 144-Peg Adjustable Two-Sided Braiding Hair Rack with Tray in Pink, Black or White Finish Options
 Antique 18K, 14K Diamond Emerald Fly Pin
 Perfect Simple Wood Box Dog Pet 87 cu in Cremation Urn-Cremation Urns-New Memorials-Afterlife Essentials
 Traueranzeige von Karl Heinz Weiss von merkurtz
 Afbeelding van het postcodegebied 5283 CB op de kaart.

-*-

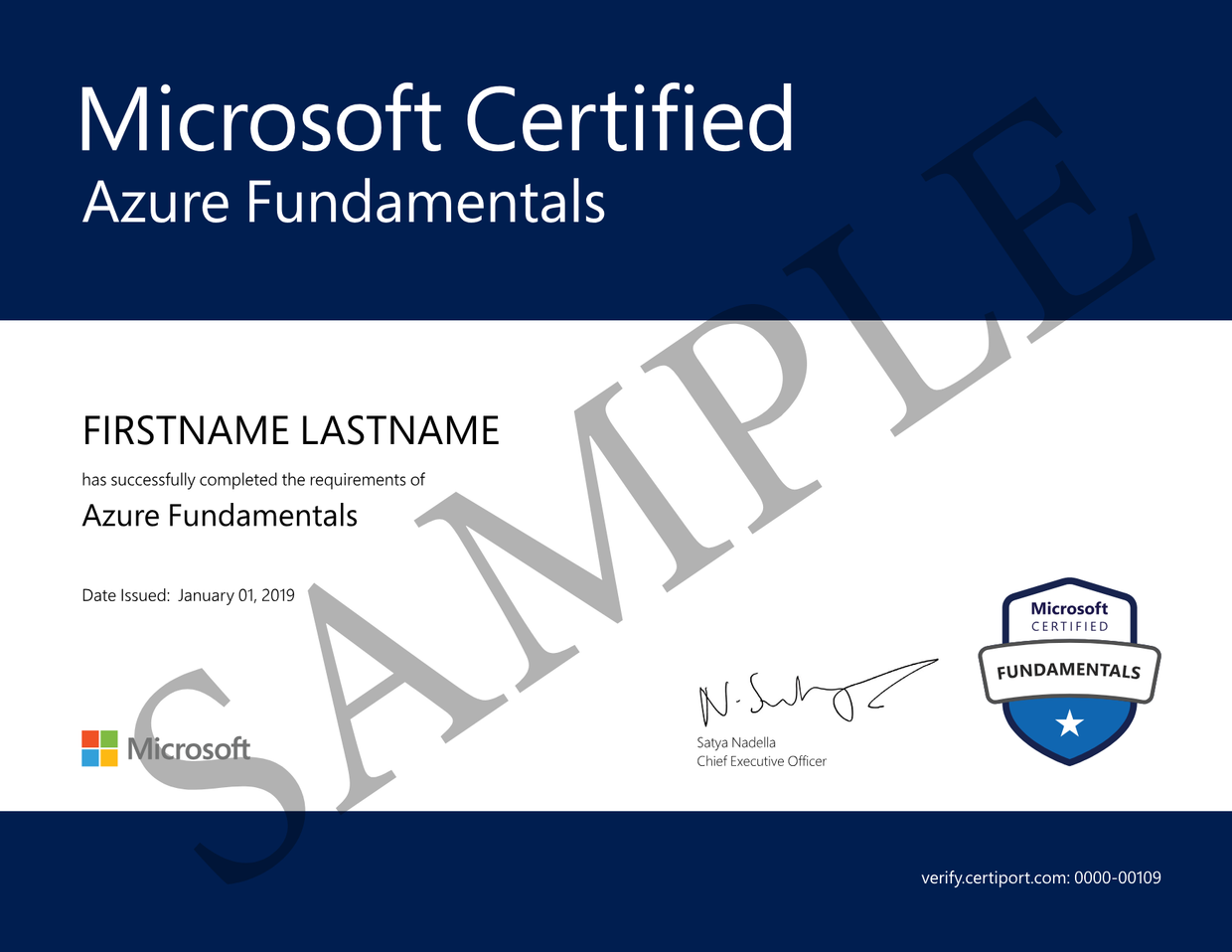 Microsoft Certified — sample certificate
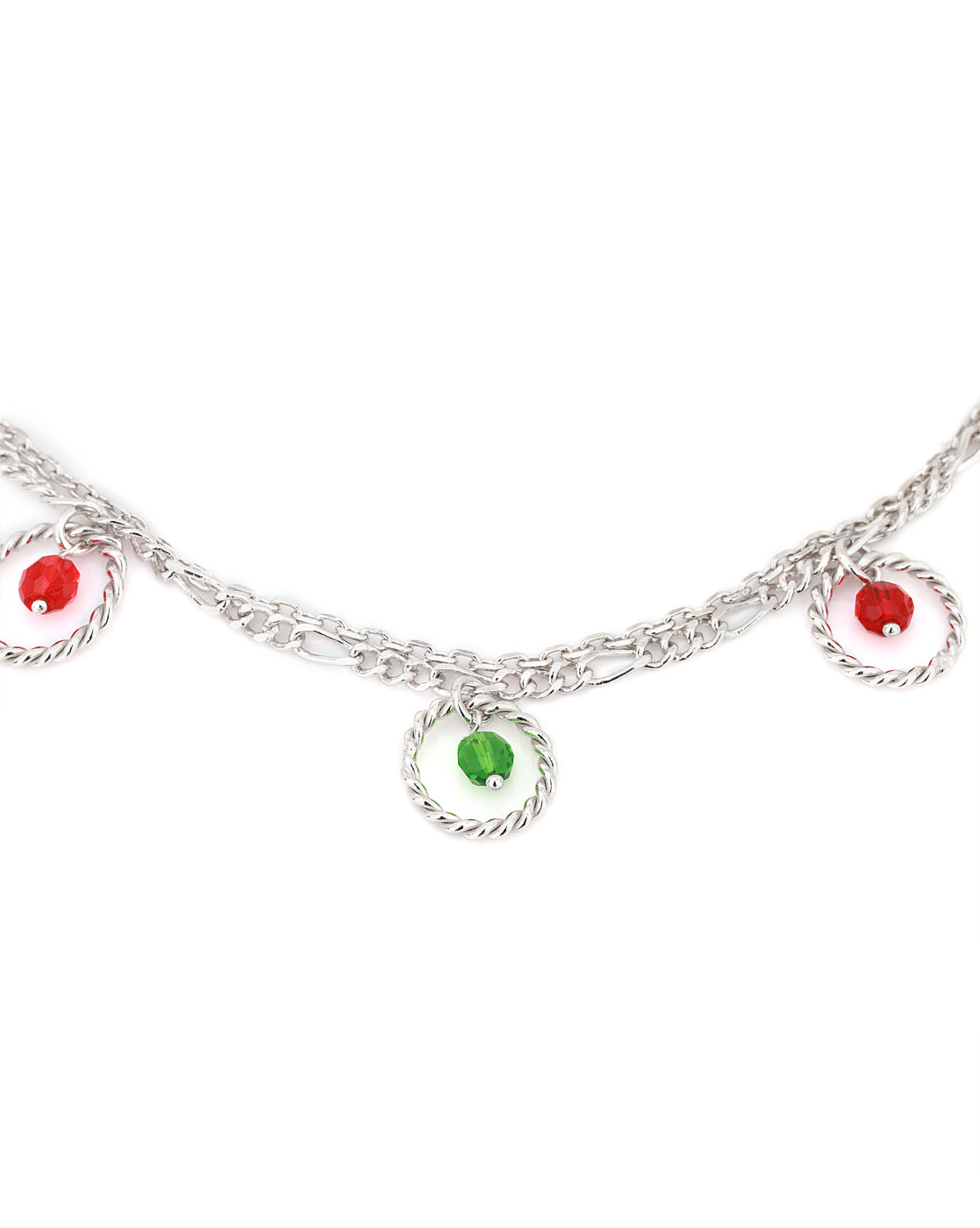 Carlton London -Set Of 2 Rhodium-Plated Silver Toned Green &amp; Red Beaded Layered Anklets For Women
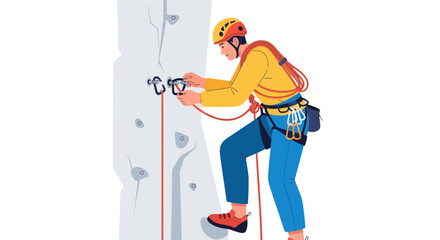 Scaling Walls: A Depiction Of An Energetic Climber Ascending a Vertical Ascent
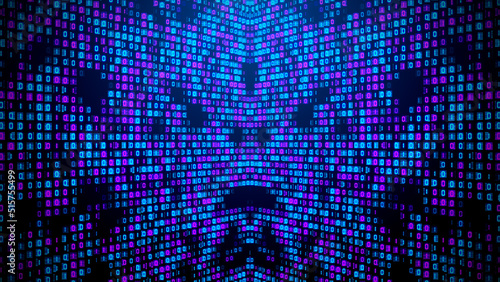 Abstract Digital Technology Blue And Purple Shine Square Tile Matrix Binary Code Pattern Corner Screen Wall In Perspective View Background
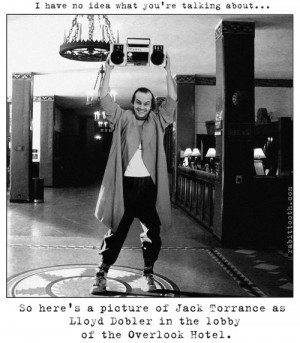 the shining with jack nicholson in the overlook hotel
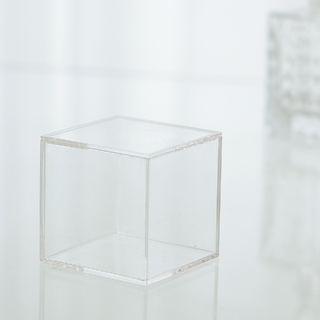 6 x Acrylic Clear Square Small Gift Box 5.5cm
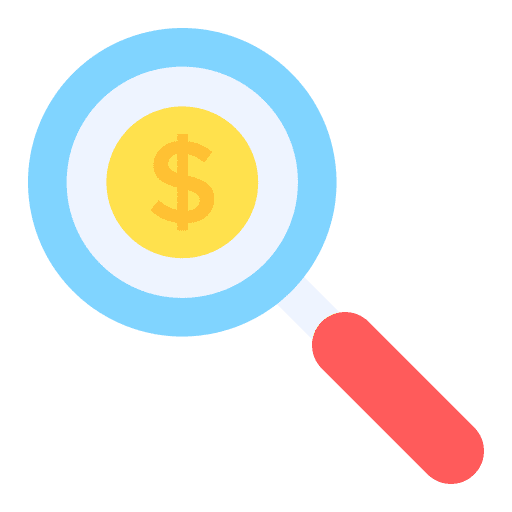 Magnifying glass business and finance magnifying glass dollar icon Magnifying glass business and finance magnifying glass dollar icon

-*-

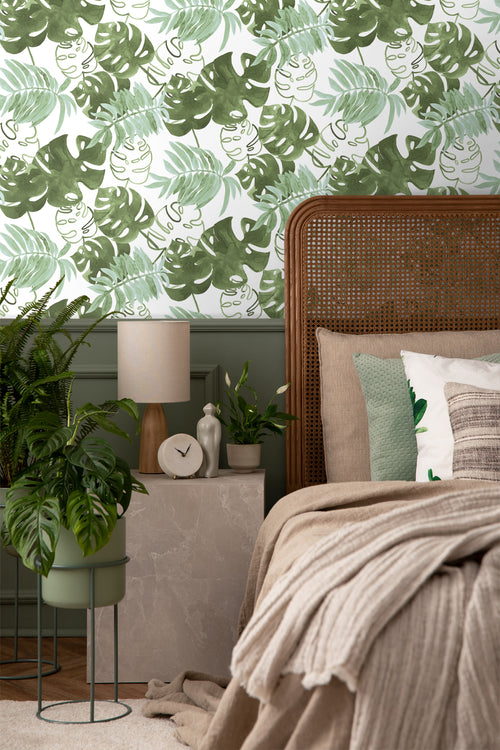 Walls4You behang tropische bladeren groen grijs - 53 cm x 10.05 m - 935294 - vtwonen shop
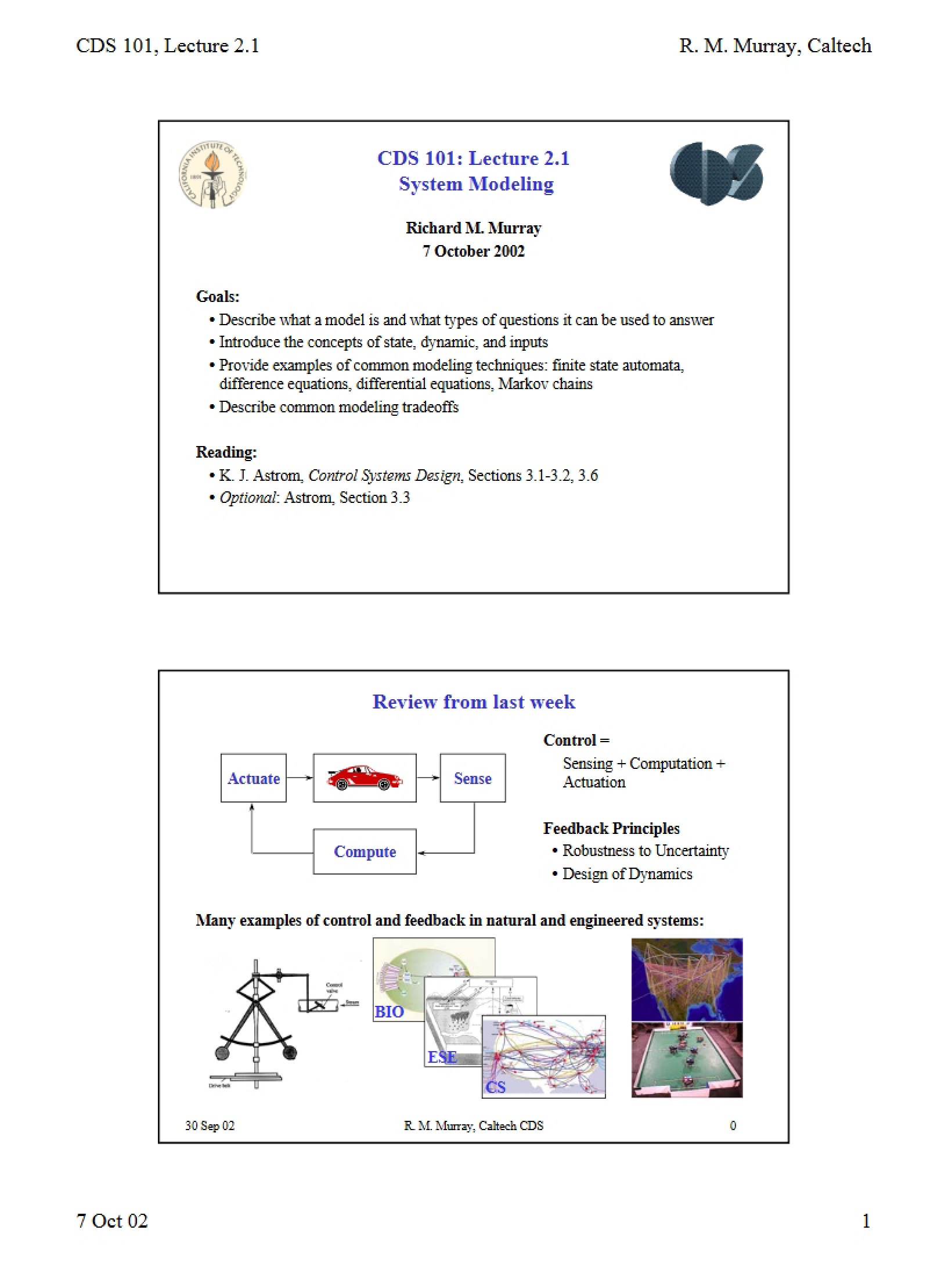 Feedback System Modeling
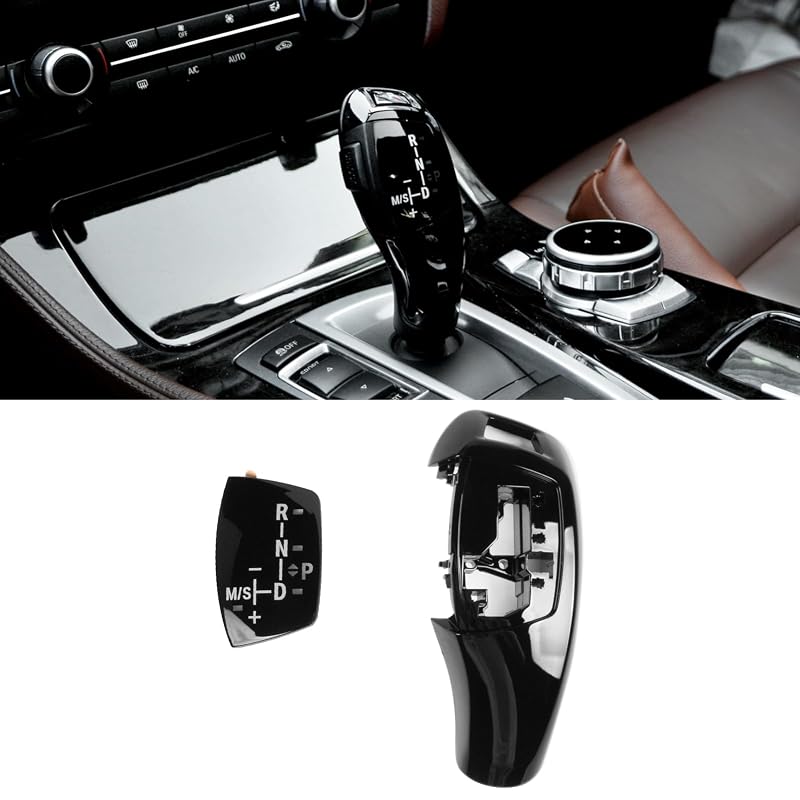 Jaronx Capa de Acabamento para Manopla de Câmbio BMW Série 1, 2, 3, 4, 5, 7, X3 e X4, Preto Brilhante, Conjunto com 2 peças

-*-

[Instructions for the task]:
The data above holds the lines to copy: start at the one with "the shining with", stop at the one with "dollar icon Magnifying", include both, copy them exactly without pictures, and copy nothing else.

[Answer to the problem]:
 the shining with jack nicholson in the overlook hotel
 6 x Acrylic Clear Square Small Gift Box 5.5cm
 Magnifying glass business and finance magnifying glass dollar icon Magnifying glass business and finance magnifying glass dollar icon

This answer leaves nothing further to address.